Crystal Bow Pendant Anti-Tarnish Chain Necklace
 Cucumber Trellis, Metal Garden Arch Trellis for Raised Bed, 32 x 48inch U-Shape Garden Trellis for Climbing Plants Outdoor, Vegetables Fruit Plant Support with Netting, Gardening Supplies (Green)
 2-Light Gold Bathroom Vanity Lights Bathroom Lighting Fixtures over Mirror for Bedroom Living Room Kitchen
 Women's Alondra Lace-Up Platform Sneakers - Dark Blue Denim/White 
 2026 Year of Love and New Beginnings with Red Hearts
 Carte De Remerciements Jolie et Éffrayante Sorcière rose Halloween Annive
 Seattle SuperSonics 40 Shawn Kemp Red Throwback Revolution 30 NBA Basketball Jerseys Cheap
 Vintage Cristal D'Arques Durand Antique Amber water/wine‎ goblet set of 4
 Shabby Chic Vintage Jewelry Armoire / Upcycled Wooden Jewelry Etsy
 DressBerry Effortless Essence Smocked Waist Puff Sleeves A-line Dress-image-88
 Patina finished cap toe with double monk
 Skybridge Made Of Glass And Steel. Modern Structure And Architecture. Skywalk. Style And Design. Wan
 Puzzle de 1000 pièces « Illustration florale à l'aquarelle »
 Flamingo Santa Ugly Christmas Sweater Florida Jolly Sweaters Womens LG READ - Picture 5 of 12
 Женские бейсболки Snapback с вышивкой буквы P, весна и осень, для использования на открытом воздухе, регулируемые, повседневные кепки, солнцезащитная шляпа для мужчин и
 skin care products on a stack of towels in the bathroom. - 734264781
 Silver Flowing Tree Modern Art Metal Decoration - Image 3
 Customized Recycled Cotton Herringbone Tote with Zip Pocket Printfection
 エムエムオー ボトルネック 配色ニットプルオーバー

# # # # # # #

PROBLEM TO WORK ON. Each line from the top of the material above, through the one that contains "Cucumber Trellis, Metal", should be restated word for word.

ANSWER BELOW.
Crystal Bow Pendant Anti-Tarnish Chain Necklace
 Cucumber Trellis, Metal Garden Arch Trellis for Raised Bed, 32 x 48inch U-Shape Garden Trellis for Climbing Plants Outdoor, Vegetables Fruit Plant Support with Netting, Gardening Supplies (Green)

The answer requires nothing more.